“…I will confess my transgressions to the LORD, And You forgave the iniquity of my sin” (Psalm 32: 5) . . . . “Forgive us our debts, as we forgive our debtors” (Matthew 6: 12) . . . . "Judge not, and you shall not be judged. Condemn not, and you shall not be condemned. Forgive, and you will be forgiven" (Luke 6: 37) . . . . "Be kind to one another, tenderhearted, forgiving one another, even as God in Christ forgave you" (Ephesians 4: 32)


ForgivenessForgiveness is like an ointment on a wound. It heals the human soul, and instills peace in its inner recesses. Fellowships with God and with man are weakened by sin, and broken by un-repented sins. Divine forgiveness strengthens and restores man’s fellowship with God. Human forgiveness restores fellowship with the offending party upon his repentance. However, distinction must be made between divine and human forgiveness. We analyze herein briefly the major differences between them.

I. Divine forgiveness

God’s forgiveness of human sins requires true repentance, and the atonement that Christ offered on the cross.  Divine forgiveness always follows the satisfaction of divine justice.  If the sinner repents and accepts the atonement of Christ on his behalf with genuine faith, his sin is transferred to the account of Christ who took its just punishment on the cross, thereby satisfying the justice of God.  “But if we walk in the light as He is in the light, we have fellowship with one another, and the blood of Jesus Christ His Son cleanses us from all sin” (1 John 1: 7; 2: 2). “For this is My blood of the new covenant, which is shed for many for the remission of sins” (Matthew 26: 28).  “And according to the law almost all things are purified with blood, and without shedding of blood there is no remission” (Hebrew 9: 22). The fruits of true repentance are good works (Luke 19: 8-10).  However, they are not required for divine forgiveness, because the atonement of Christ is all-sufficient.

King David committed the grave sins of adultery with his neighbor’s wife, and conspiring to murder him (2 Samuel 11).  God sent the prophet Nathan to rebuke him (2 Samuel 12: 1-15).   He came back to his senses and realized the gravity of his sins.  He repented with tears (Psalm 6: 6) and asked for forgiveness.  “So David said to Nathan, “I have sinned against the Lord.’  And Nathan said to David, ‘The Lord also has put away your sin; you shall not die’” (2 Samuel 12: 13).

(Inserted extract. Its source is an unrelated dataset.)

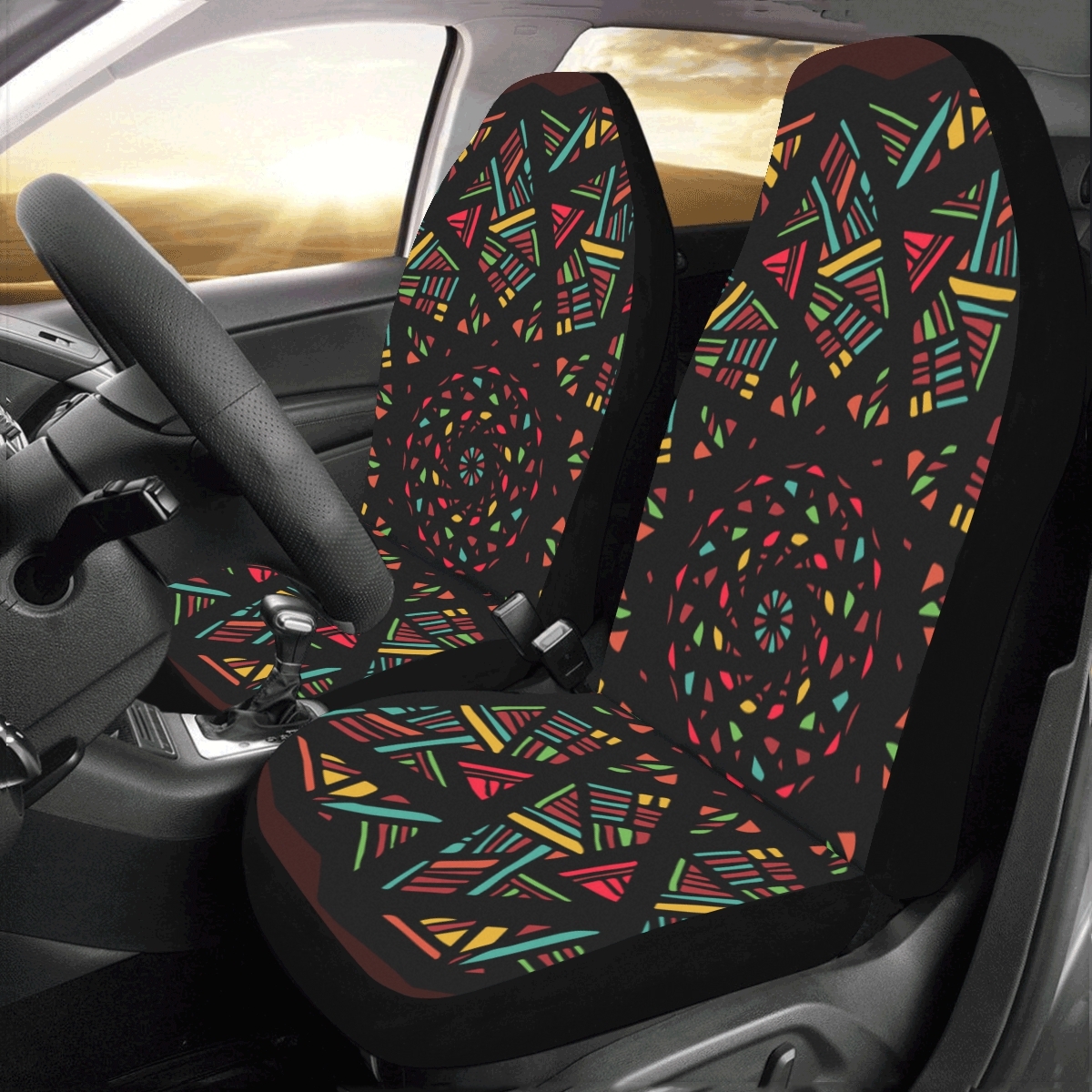Beautiful Stained Glass Rose Universal Fit Auto Drive Car Seat Covers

God is capable of forgiving the worst sins.  However, a sinner who does not forgive others is incapable of receiving God’s forgiveness.  His repentance is incomplete, because he does not love his neighbor (the offending party) and therefore, does not love God.  “If someone says, “I love God,” and hates his brother, he is a liar; for he who does not love his brother whom he has seen, how can he love God whom he has not seen?  And this commandment we have from Him: that he who loves God must love his brother also” (1 John 4: 20-21).  As God the Father is merciful and forgiving, so his children should be.  They should grow in his likeness.  “Therefore you shall be perfect, just as your Father in heaven is perfect” (Matthew 5: 48).

II. Human forgiveness

Human forgiveness is different.  It leads to the remission and cancelation of the deserved penalty.  It does not require repentance by the offending party.  Jesus prayed on the cross for the forgiveness of those who crucified him though they had not repented.  On the cross, “Jesus said, “Father, forgive them, for they do not know what they do….”(Luke 23: 34).  Following the example of Jesus, Stephen, the first martyr, prayed for the forgiveness of those who stoned him to death though they had not repented: “Then he knelt down and cried out with a loud voice, “Lord, do not charge them with this sin.” And when he had said this, he fell asleep” (Acts 7: 60).

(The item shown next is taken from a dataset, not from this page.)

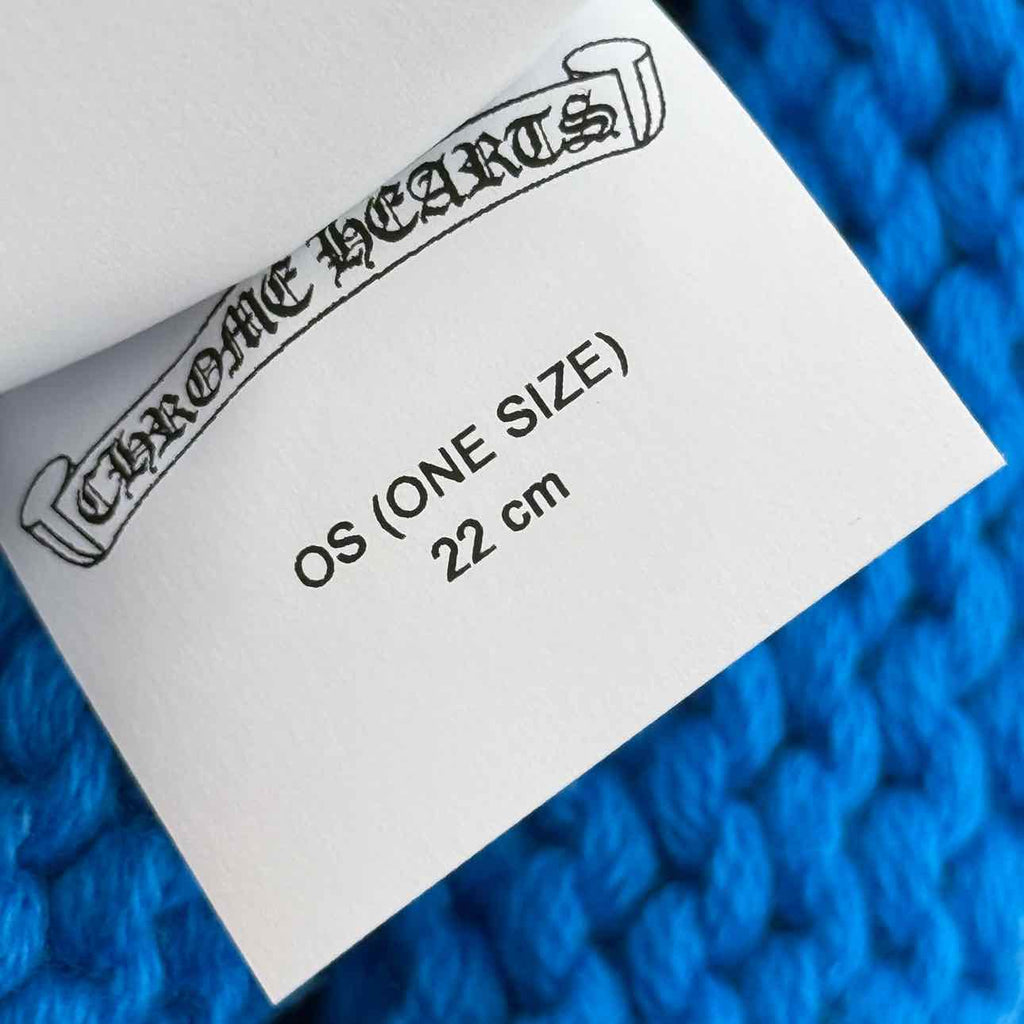 Chrome Hearts Beanie "CASHMERE CROSS" New Blue Size OS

Jesus emphasized the importance of human forgiveness in his teachings:

“Then Peter came to Him and said, “Lord, how often shall my brother sin against me, and I forgive him? Up to seven times?”  Jesus said to him, “I do not say to you, up to seven times, but up to seventy times seven.  Therefore the kingdom of heaven is like a certain king who wanted to settle accounts with his servants. And when he had begun to settle accounts, one was brought to him who owed him ten thousand talents. But as he was not able to pay, his master commanded that he be sold, with his wife and children and all that he had, and that payment be made. The servant therefore fell down before him, saying, ‘Master, have patience with me, and I will pay you all.’ Then the master of that servant was moved with compassion, released him, and forgave him the debt. But that servant went out and found one of his fellow servants who owed him a hundred denarii; and he laid hands on him and took him by the throat, saying, ‘Pay me what you owe!’ So his fellow servant fell down at his feet and begged him, saying, ‘Have patience with me, and I will pay you all.’ And he would not, but went and threw him into prison till he should pay the debt. So when his fellow servants saw what had been done, they were very grieved, and came and told their master all that had been done. Then his master, after he had called him, said to him, ‘You wicked servant! I forgave you all that debt because you begged me. Should you not also have had compassion on your fellow servant, just as I had pity on you?’ And his master was angry, and delivered him to the torturers until he should pay all that was due to him. So My heavenly Father also will do to you if each of you, from his heart, does not forgive his brother his trespasses” (Matthew 18: 21-35).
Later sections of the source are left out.